# Tow Combination



## chattman (Dec 17, 2010)

Thanks for any help you can offer on this package.

I'm considering the purchase of a used 2007 OB 18RS:
Shipping Wt - 4,300 Lbs
Length - 19' 10"

To be towed with a VW Touareg Diesel rated:
Tow Rating 7,716 Lbs
Hitch 770 Lbs
Wheel base 112.4"

I really want an OB and it seems this no longer produced 18RS 
is the only model that is not too long.


----------



## etrailer (Dec 10, 2010)

Take the rig to a set of scales to make sure you stay within the limits. Gather the loaded trailer weight, loaded tongue weight of the trailer and all the other appropriate measurements. You'll learn alot about your rig and the more you know about your setup, the better prepared you'll be to tow. Remember, the closer you get to your towing limit, the harder the vehicle will have to work which can translate to a less comfortable driving experience.

Check the owner's manual of the VW and check to see if you can use weight distribution. If you can, it will help spread the load evenly across the whole frame of the Tuareg. It'll help keep you level and help you maintain control of the rig while driving.

I can PM you a link to a sort of Weight Distribution 101 that goes over the basics of how they work. Let me know if you think it would be helpful for you.


----------



## hautevue (Mar 8, 2009)

usually TTs are loaded with about 1000 pounds of "stuff" not included in the shipping weight. Such stuff as propane, water in tanks, food, clothing, tools, and on and on.

So I suspect the actual weight of the TT will be about 5300 pounds. etrailer is correct; go to commercial scales and get everything weighed. You want

1. trailer weight (trailer on scales, not hitched.)
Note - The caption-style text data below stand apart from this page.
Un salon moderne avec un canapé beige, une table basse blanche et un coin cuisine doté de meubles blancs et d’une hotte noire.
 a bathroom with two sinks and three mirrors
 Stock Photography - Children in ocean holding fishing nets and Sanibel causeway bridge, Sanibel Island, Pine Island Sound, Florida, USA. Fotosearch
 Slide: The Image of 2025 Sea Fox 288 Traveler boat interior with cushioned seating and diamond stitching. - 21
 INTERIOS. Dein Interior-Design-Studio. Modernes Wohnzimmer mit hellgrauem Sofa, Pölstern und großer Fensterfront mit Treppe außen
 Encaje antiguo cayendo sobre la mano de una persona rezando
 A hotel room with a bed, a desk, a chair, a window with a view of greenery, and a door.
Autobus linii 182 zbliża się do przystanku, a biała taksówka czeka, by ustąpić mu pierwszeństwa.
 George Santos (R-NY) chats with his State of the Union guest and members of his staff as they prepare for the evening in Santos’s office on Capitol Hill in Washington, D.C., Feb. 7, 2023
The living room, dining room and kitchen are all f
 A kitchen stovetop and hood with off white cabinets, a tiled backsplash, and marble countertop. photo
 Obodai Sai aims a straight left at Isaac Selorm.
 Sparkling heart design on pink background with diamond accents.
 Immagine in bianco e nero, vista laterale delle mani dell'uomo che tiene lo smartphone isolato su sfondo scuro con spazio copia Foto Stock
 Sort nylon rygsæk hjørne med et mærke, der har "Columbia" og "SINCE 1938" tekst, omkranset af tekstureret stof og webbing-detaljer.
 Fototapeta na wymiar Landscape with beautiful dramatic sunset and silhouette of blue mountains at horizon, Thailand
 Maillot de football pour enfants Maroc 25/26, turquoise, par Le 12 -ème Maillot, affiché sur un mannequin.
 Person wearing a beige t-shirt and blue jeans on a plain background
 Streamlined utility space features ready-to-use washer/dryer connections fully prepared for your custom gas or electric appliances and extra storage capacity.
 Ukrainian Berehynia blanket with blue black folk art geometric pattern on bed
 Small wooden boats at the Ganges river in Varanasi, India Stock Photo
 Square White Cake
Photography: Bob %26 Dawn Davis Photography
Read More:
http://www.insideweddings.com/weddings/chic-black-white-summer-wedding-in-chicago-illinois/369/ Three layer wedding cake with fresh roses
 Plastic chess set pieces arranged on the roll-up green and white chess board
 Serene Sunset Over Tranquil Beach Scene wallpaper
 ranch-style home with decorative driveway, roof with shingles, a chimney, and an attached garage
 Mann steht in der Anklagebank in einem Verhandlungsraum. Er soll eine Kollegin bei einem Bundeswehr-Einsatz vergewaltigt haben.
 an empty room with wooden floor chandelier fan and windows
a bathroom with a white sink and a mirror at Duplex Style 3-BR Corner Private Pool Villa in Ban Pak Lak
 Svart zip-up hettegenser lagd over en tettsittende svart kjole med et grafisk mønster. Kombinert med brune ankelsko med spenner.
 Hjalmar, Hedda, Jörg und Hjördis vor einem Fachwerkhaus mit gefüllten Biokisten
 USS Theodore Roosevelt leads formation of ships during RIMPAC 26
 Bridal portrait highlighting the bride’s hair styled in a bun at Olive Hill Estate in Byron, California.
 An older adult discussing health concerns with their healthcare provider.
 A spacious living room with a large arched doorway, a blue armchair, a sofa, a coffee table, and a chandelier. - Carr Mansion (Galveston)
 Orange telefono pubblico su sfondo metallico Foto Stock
2. tongue weight (move the wheels of the TT back off the scales, unhitch, put the jack down and lift the tongue. Then weigh it.)

3. your TV weight with you in it.

For #1 and 2, don't forget to step off the scales. Don't ask me how I know..









For #3, add any other passenger's weight. Weight of the dog, too...









With those weights, you can figure out your towing limits. And remember that if you get a weight distribution hitch, that adds about 50 pounds to the tongue weight.

Good luck and safe towing.


----------



## Nathan (Jan 2, 2007)

Definetly read the owners manual carefully. European cars can have limitations that will seem strange to us. Expect a loaded weight as high as 6k lbs and expect 15% on the tounge. You'll want a wdh and good sway control.


----------



## etrailer (Dec 10, 2010)

I almost forgot, loaded tongue weight should be 10-15% of the total trailer weight. Any less and there won't be enough weight on the nose of the trailer and that could create sway problems. Any more and you could overload the tow vehicle and that can have all sorts of ramifications.

I'd say you'll have at least 1K pounds of stuff, water, propane, clothes, food etc. It takes a lot to be prepared for a trip. Cutting out as much as you can not only help with towing, but it's less to pack and un-pack every trip.


----------



## chattman (Dec 17, 2010)

Thanks for your replies.
Using weight estimates seems to indicate that I'm easily in the 
tow safe zone, and will continue shopping.
I do appreciate the suggestions to obtain actual weights...makes a lot of sense!


----------



## willingtonpaul (Apr 16, 2010)

i had never seen a toureg tow before until this summer on cape cod. there was a group from montreal, quebec at the campground i frequent there, and they were pulling a starcraft light weight travel trailer with it that was 24 feet long. it was a diesel version of the toureg, with the travel trailer weighing in at about 6,000lbs total per what the owner said. he was camped across from me so i went over to say hi and check out his setup, as i was curious. he was using an equalizer WDH. he said "it tows great", but of course this means nothing, and as has been stated get to the scales. i have a feeling this gentleman i met was quoting me dry weight of the trailer and had no idea what his true weights were. it was him, DW, and 2 DK's with a DK9 in the toureg, and they were loaded up pretty good. i have to think that at the least they were over the GVWR, if not over on the rear axle as well. to my eye, it just looked like it lacked wheelbase, but then again i have a biased yardstick to measure with. he told me they had taken the setup as far as the outer banks from montreal.


----------